“Breaking News” message being pushed out across Facebook claims that a salacious video of Miley Cyrus has been leaked on the Internet and invites users to click a link to view the footage.
The message is a scam designed to trick users into handing access to their Facebook accounts to cybercrooks and participating in bogus online surveys. Regardless of how many surveys they fill out, victims will never see the supposed video. And, the compromised Facebook accounts will be used to flood Facebook with even more scam messages.
A message purporting to be “Breaking news” about actress and singer Miley Cyrus is currently being spammed out across Facebook. The messages claim that a compromising Miley Cyrus video has been leaked on the Internet and that millions of men have called in sick after viewing it.
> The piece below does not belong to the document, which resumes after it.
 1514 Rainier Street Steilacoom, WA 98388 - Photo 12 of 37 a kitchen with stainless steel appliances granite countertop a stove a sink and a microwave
A link included in the message invites viewers to watch the supposed tape.
However, the message is a criminal ruse that attempts to trick users into providing scammers with access to their Facebook accounts before enticing them into participating in bogus online surveys. Those who fall for the ruse and click the link in the hope of seeing the tape will be taken to a page that displays what appears to be a typical video player:
Those who proceed to click the “Play” button will next be taken to a page that claims they must verify their age before proceeding. The page instructs users to copy a “verification” code from the Facebook account address bar and then paste it into the field provided on the fake page:
But, by pasting in the “verification” code, the hapless user is, in fact, giving the scammers access to his or her Facebook account.
BidDefender’s HotforSecurity blog explains that the “verification code” is actually the victim’s Facebook authentication token, which can then be used by the criminals to temporarily hijack the Facebook account. The hijacked accounts will then be used to automatically blast out more scam messages just like the one shown above.
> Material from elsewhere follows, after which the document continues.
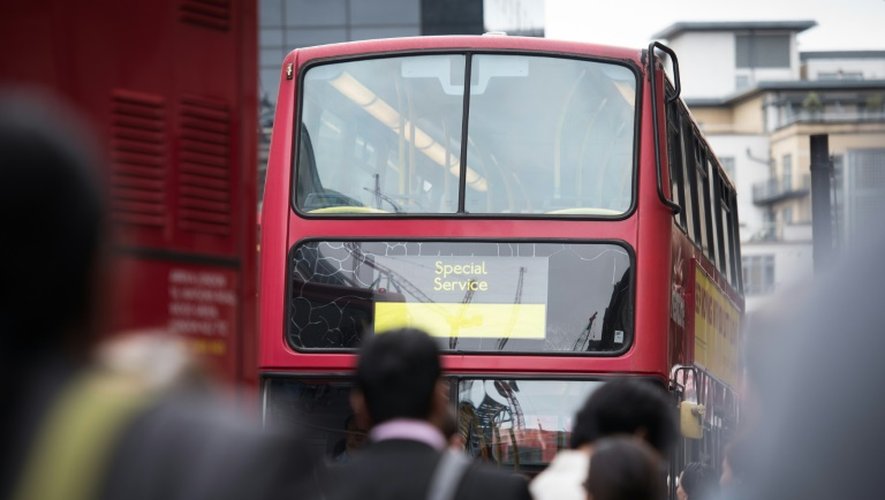 Les usagers s'apprêtent à s'engouffrer dans un bus à Victoria Station dans le centre de Londres, le 6 août 2015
Meanwhile, after engaging in the utterly bogus age verification process, victims will be moved forward into a typical survey scam. They will be told they must complete a survey or offer before finally seeing the video.
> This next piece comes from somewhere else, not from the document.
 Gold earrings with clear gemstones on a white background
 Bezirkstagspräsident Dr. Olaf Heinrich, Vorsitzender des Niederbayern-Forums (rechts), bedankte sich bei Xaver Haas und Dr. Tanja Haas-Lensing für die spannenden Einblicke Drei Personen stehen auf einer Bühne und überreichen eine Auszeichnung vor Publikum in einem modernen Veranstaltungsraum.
Some of the “survey” pages ask users to provide personal information including name, address and contact details, ostensibly to allow them to go into the draw for a prize.
Others invite them to download dubious toolbars, games or software.
Still others will claim that users must provide their mobile phone number – thereby subscribing to absurdly expensive text messaging services – in order to get the results of a survey or go in the running for a prize.
Alas, no matter how many surveys they complete, they will never get to see the promised Miley Cyrus video they have been so anticipating. And, embarrassingly for the victims, all of their Facebook friends will be tagged in the scam messages blasted out by their accounts and know exactly what they were clicking on.
Miley and other celebrities have been used as bait in many similar spam attacks in the past. Be wary of any message that claims that you can read breaking news or see salacious video footage of a celebrity by clicking a link in an email or social media post. This is a common scammer ruse.